Data supplied >>
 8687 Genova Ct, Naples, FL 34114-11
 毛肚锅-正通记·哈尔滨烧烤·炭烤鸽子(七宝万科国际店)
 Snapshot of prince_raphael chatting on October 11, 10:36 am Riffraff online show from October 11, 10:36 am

---

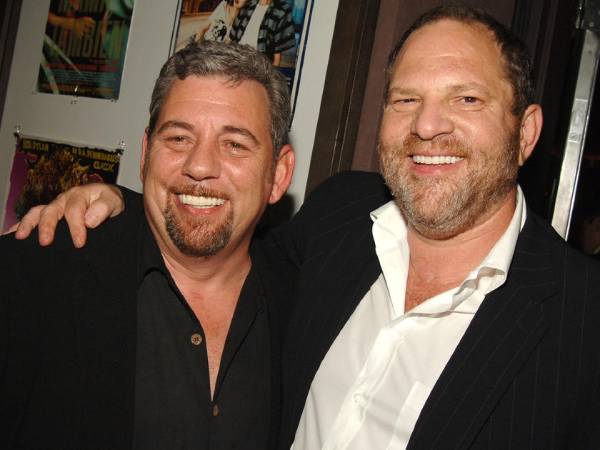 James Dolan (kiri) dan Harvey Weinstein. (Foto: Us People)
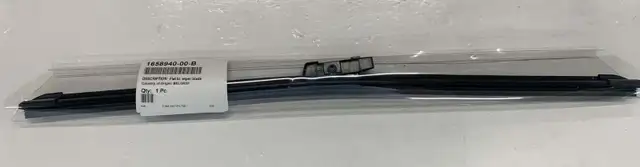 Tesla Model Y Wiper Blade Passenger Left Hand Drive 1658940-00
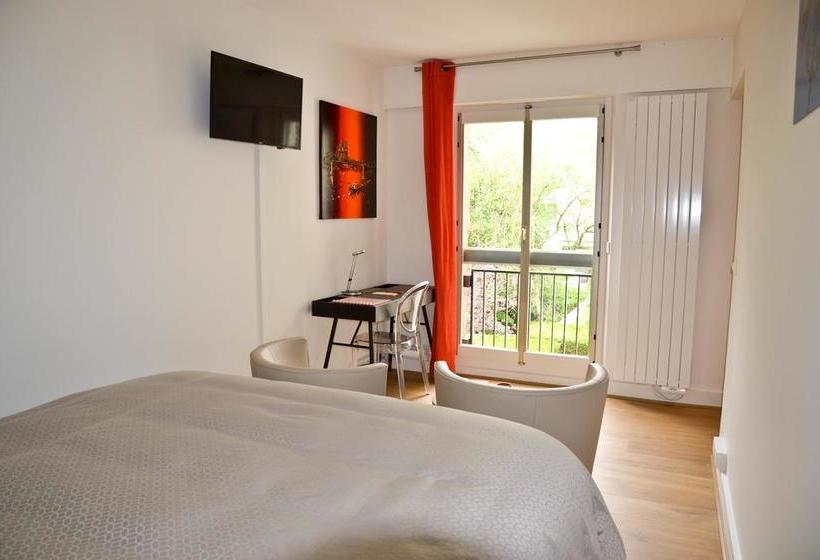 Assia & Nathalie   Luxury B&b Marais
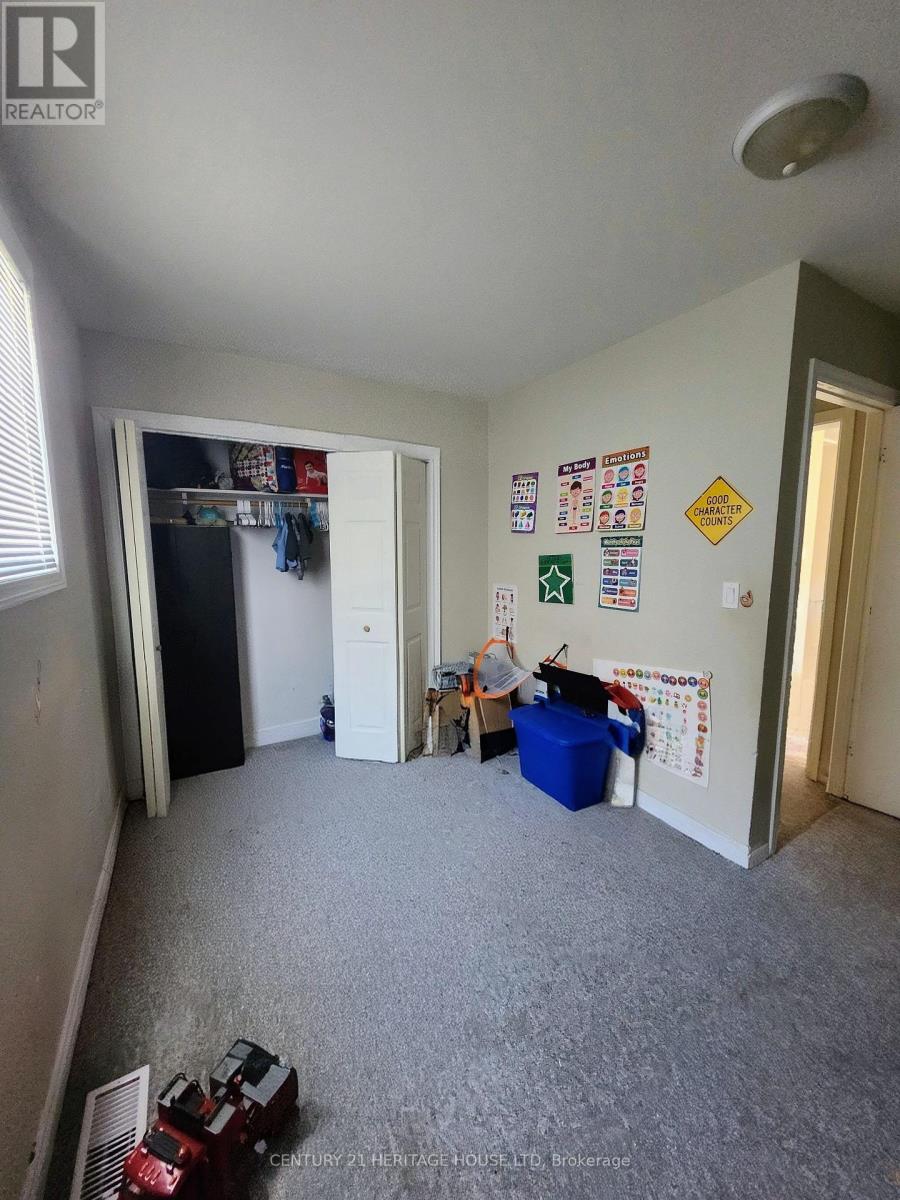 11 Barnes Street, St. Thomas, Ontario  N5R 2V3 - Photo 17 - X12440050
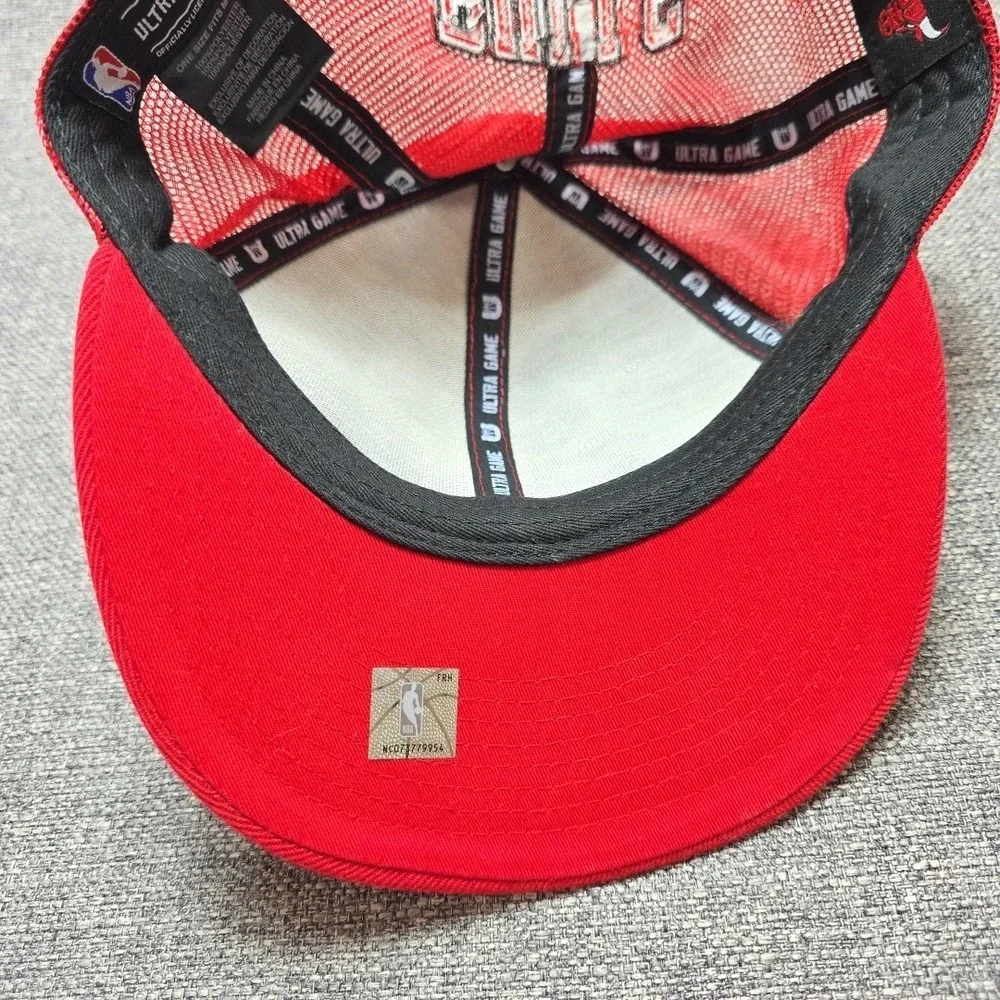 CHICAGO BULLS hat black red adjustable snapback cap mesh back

---

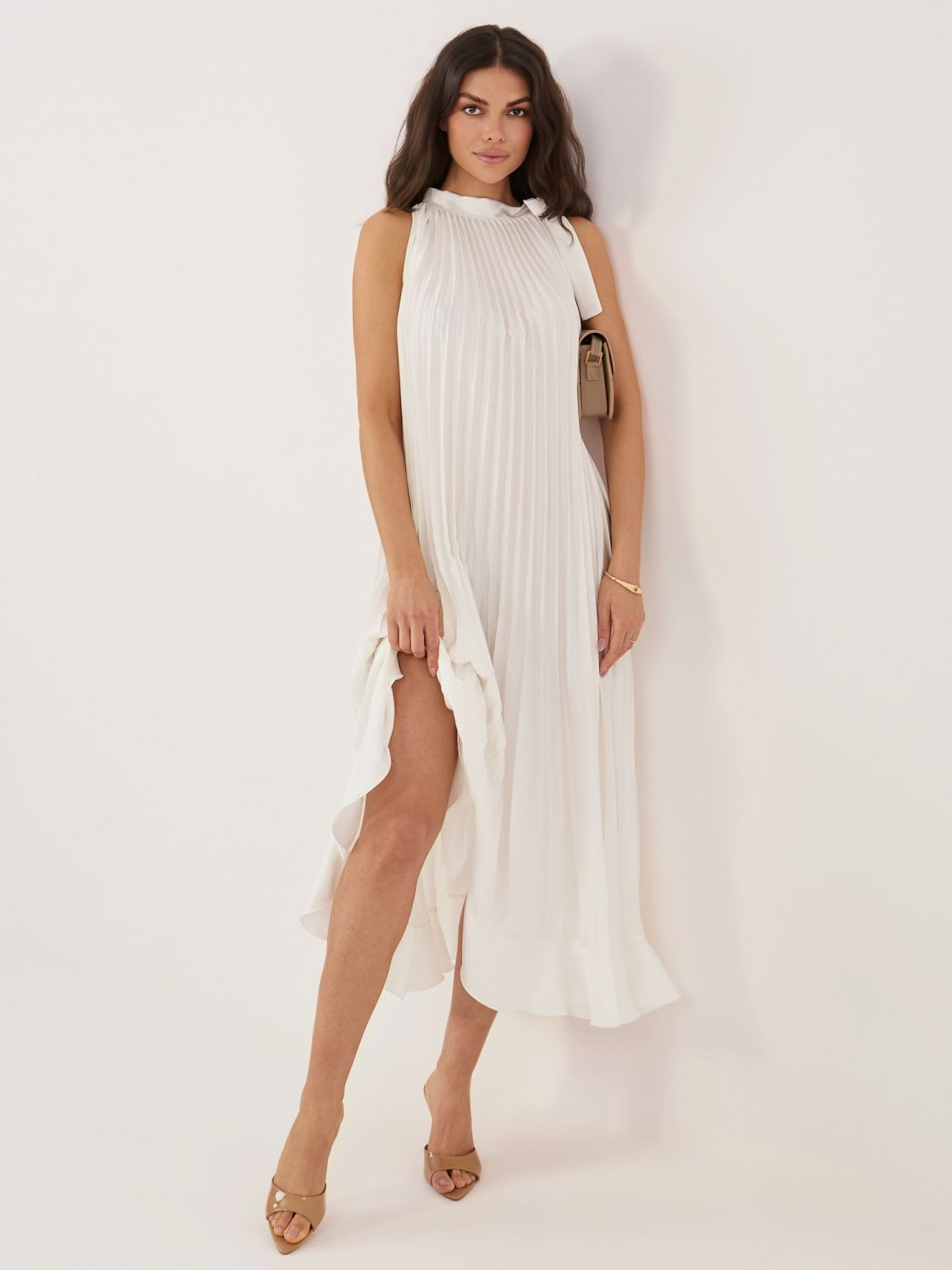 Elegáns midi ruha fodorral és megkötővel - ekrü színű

Exercise instructions >>
Please reproduce the lines from the line with "8687 Genova Ct, Naples, FL 34114-11" to the line with "Snapshot of prince_raphael", both ends included, exactly as they appear above.

Response to this task >>
 8687 Genova Ct, Naples, FL 34114-11
 毛肚锅-正通记·哈尔滨烧烤·炭烤鸽子(七宝万科国际店)
 Snapshot of prince_raphael chatting on October 11, 10:36 am Riffraff online show from October 11, 10:36 am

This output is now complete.